Al Teague, San Gabriel, Calif., the fastest man ever to run during 40 years of Bonneville Speed Week, and who went over 370 mph this week during qualifying, has an eye on 400.
Rick Vesco of Brigham City has spent four years and a lot of money for one thing - to break Bob Summers' 409.27 record set away from Speed Week back in 1965. Vesco tested the car this week for a record attempt in September.
Frances Stark, 17, on her very first record attempt this week, became a record holder on Monday, broke the record on Tuesday, again on Wednesday and a fourth time on Thursday - 119.7 mph. She sees 140 mph as a reachable goal.
Between the three Fergusons - Don Sr, Don Jr. and Don III - they hold 24 records. Number 24 came at first light Wednesday when Don Jr. drove his X-fuel roadster 37 mph over the old record of 170. An hour later the three were working on engine parts off a makeshift workbench off the bumper of their truck to get more speed out of the engine next run.

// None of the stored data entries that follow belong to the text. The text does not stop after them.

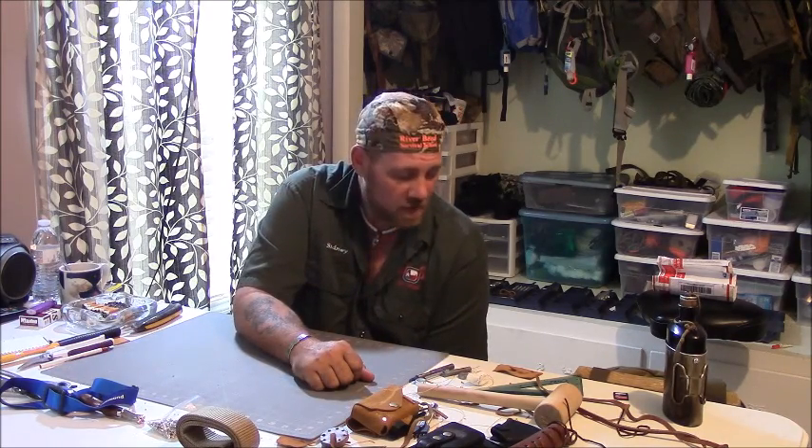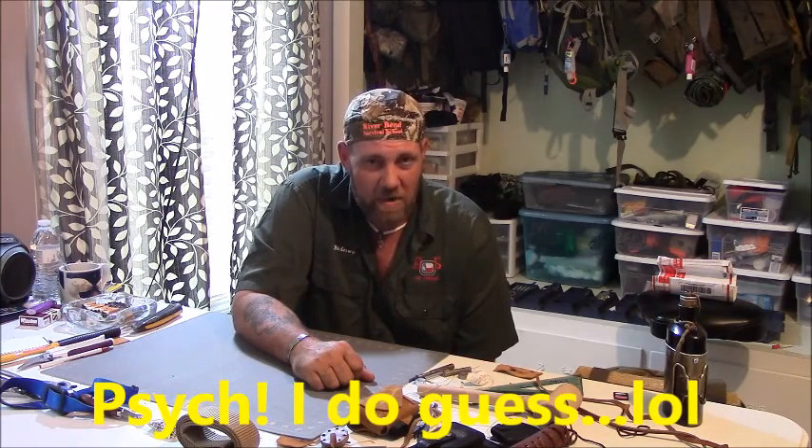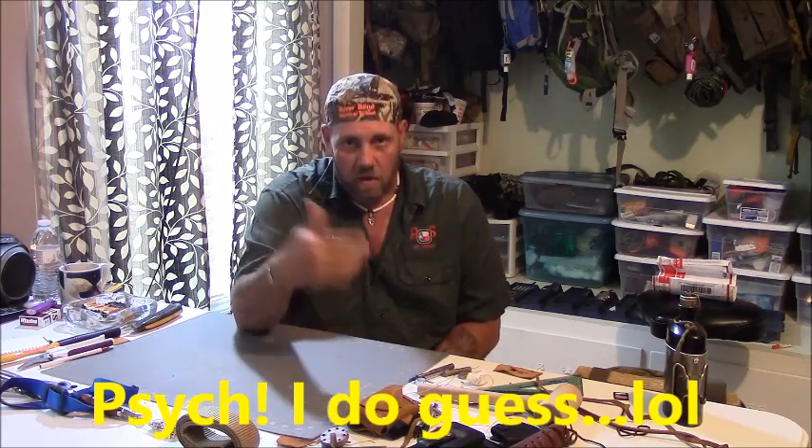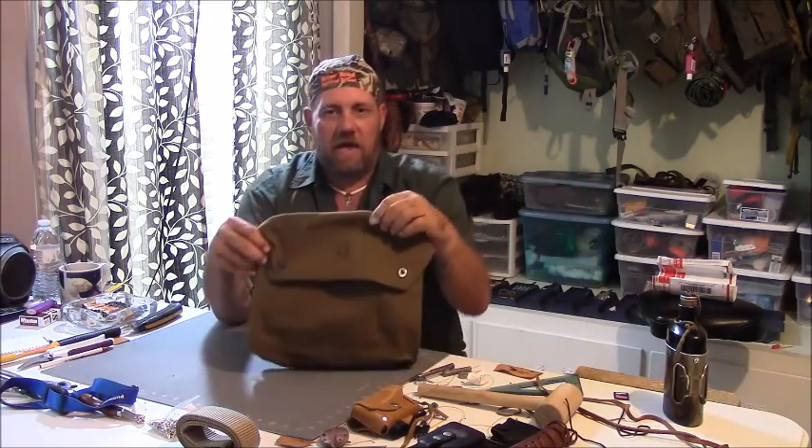Our internet is down right now, so I'm not going to guess what this bag is called — I cannot remember what it was when I ordered it. I want to say it's the M40 gas mask bag or something like that. When I upload the video I'll put it down below because I can look at what I ordered. This is the bag that I ordered.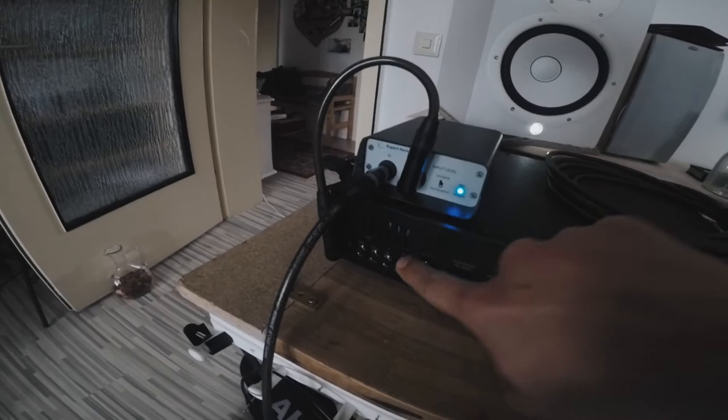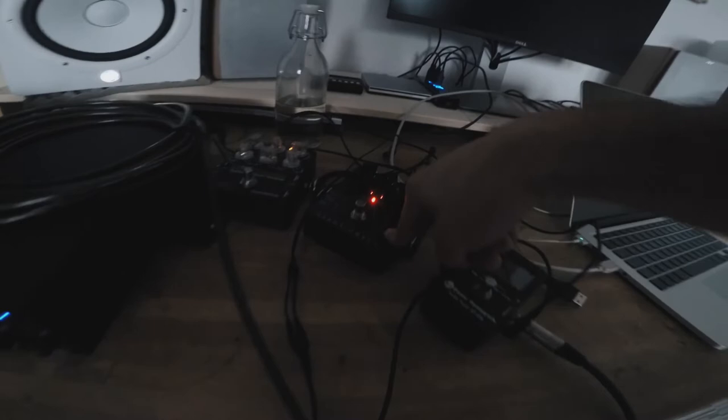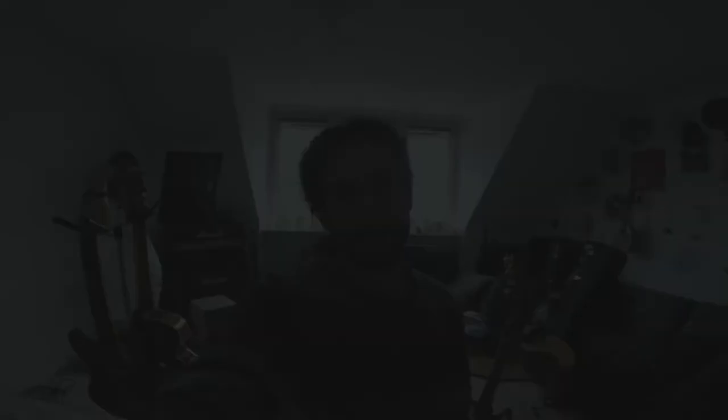Then from here we're going with the through output into the MESA head. From here we're taking the FX loop, then going into my tuner, into the Darkglass Alpha and Omega for some drive, then into the DSM Noisemaker Omnicabson, and then going back into the FX loop and taking the DI out of the MESA. So that gives us one clean DI track and one kind of mic'd up cabinet, slightly overdriven sound.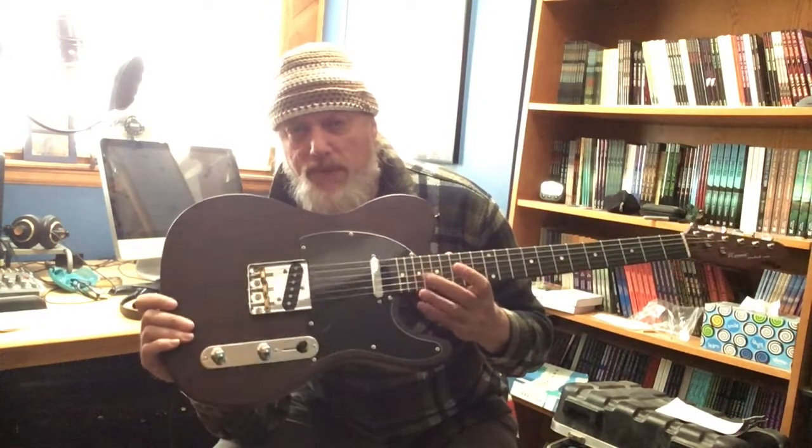It's got some heft to it, some weight, but I really like the aesthetics. I really like this rosewood — if you can catch the right light, this rosewood veneer finish is beautiful. The black pickguard really works; I love Teles with the black pickguard. Whenever I get a Tele with a white pickguard, I just want to change it. But this one has the black pickguard and all chrome.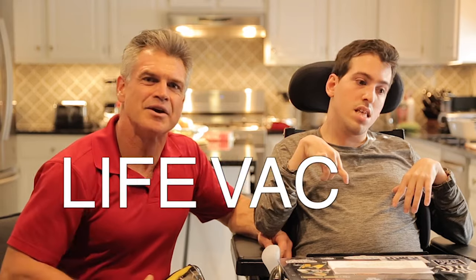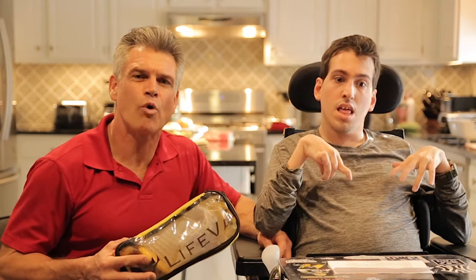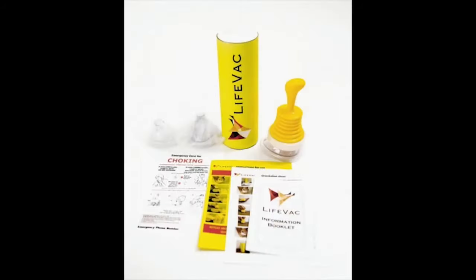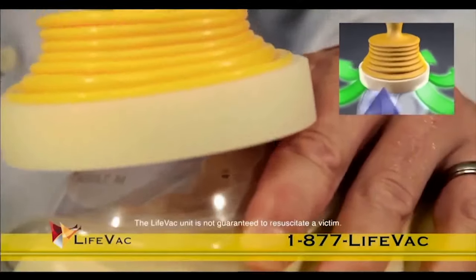That is why I carry an airway clearance device called the LifeVac. It is a non-invasive portable rescue option. It has peer-reviewed credentials on saving lives and most importantly, it is safe and easy to use. No medical expertise is necessary — it could be used by anyone.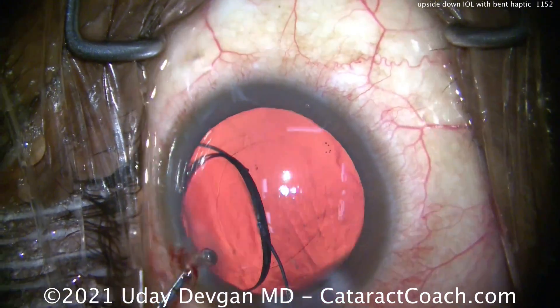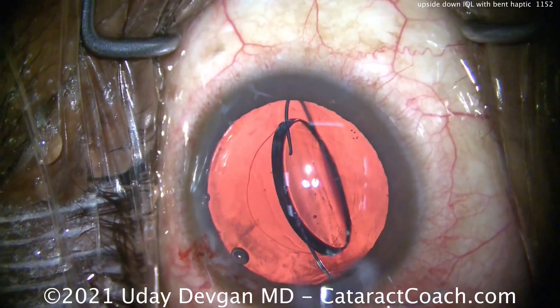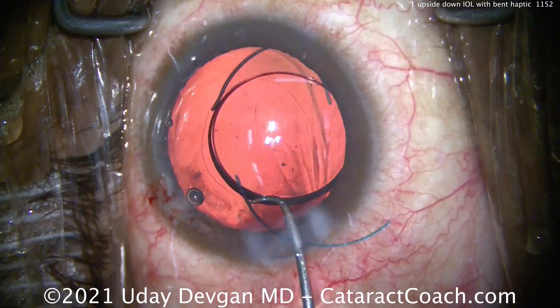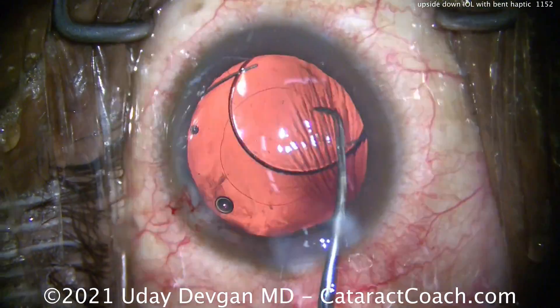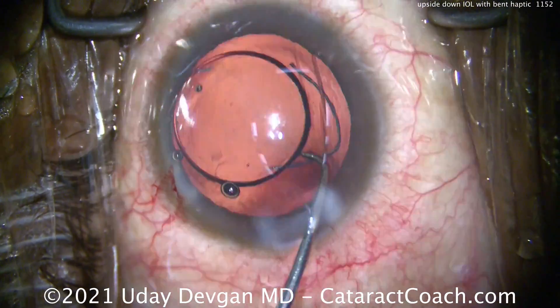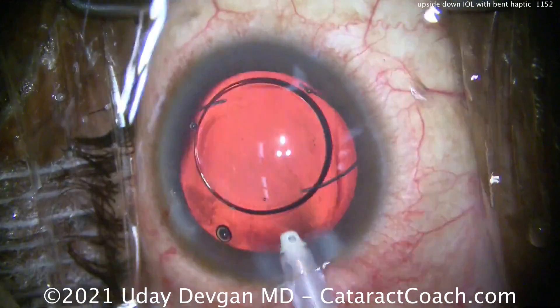The lens was misloaded, and even the leading haptic was bent during the process. We have a scrub tech who is new and confessed she was too shy to speak up about loading this lens — she didn't really know how. That's unfortunate, but what are we going to do now?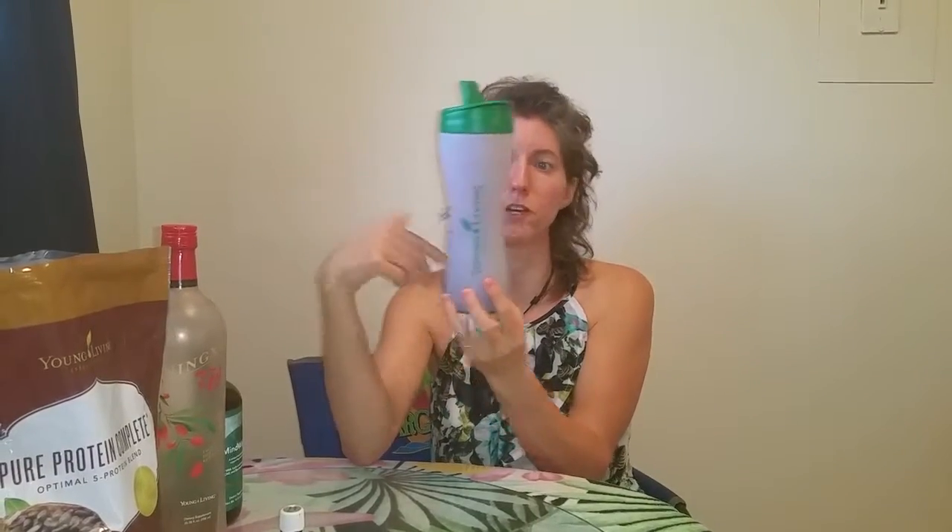How awesome is that — instead of pouring and trying to drink while you're driving, I seriously have it just sipping on it. Family functions, any get-together, I'm bringing this to every one of them, filling it up with my nutrition stuff. How helpful is that when you're on the go and not eating all the bad stuff? This bottle rocks. I've been able to do everything with it and I just love it.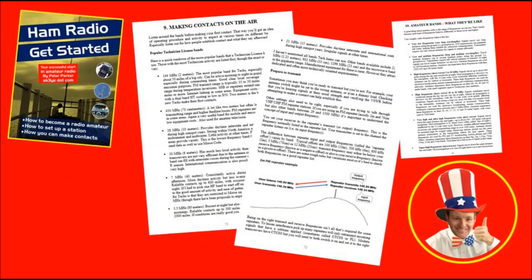The most important part of the book, I think, is the part about getting contacts. It's easy, you say — but believe it or not, a lot of beginners have trouble with this. Hamradio Get Started covers all the different ways to make contacts in more detail than I've seen anywhere else. I think a lot of more experienced hams could benefit from this as well.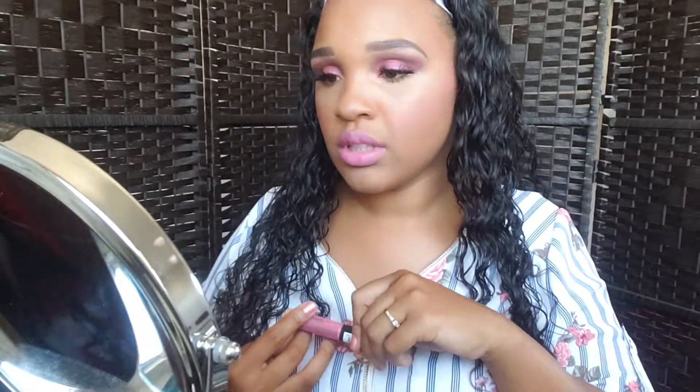I feel like I need a gloss, but this is pretty much the finished look. I feel like I want to put a gloss over top, but it looks good.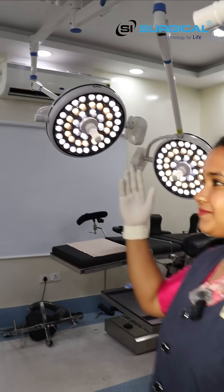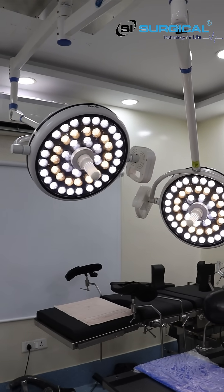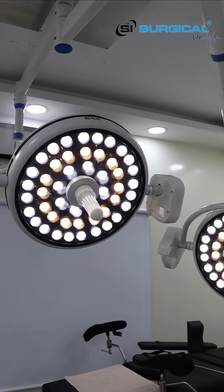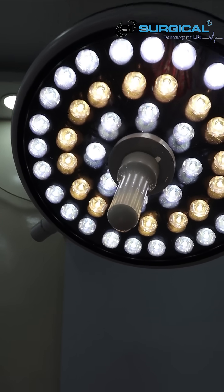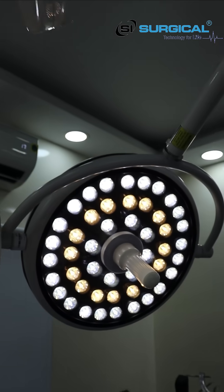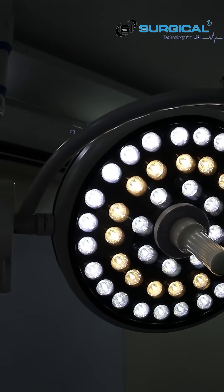Welcome to SI Surgical. Today we are showcasing our OT Light S48 Plus. It has adjustable focusing with fully remote controlled, saddleless features.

Even the very fastest of racers are lured to the salt for more. Don "Big Daddy" Garlits, the king of drag racing, holder of more than 100 drag records, the first drag racer to go over 250 mph in a quarter mile - a record that stood so long officials were talking of erasing it and start over - came to the salt for the first time this year.
An unusual goal for Garlits, considering it was common for him to make runs over 260 mph on a drag strip, was to make it into the salt flat's prestigious 200 MPH Club. He did it on Wednesday with a run of 203.7. He also wanted to set a record, which he did Monday and again on Thursday. And even though both sports involve racing and speed, he said there was really no comparison.
"Running here is so overwhelming. I get chills just thinking about it. I like speed. It was better in the early days of drag racing. You'd be in a car for at least 19 seconds, but then it got down to 10, then nine, then six . . . here the runs last for minutes not seconds. You can enjoy it that much more. You can drive here," he added.
Teague admitted that it's difficult to tell just how fast he's going.
"You see the tach(ometer) going up, and see the cones on the side of the track flying by. You can tell the difference between 200 and 300, but not so much 350 and 360.
"I don't know that it's been proven, but I feel my body slow down to compensate for the speed. Things seem to be going in slow motion. Most of your attention, though, is on keeping the car going straight. When it's over you get a good feeling knowing you went as fast as you did. Then you go to work to see what you can do to go faster.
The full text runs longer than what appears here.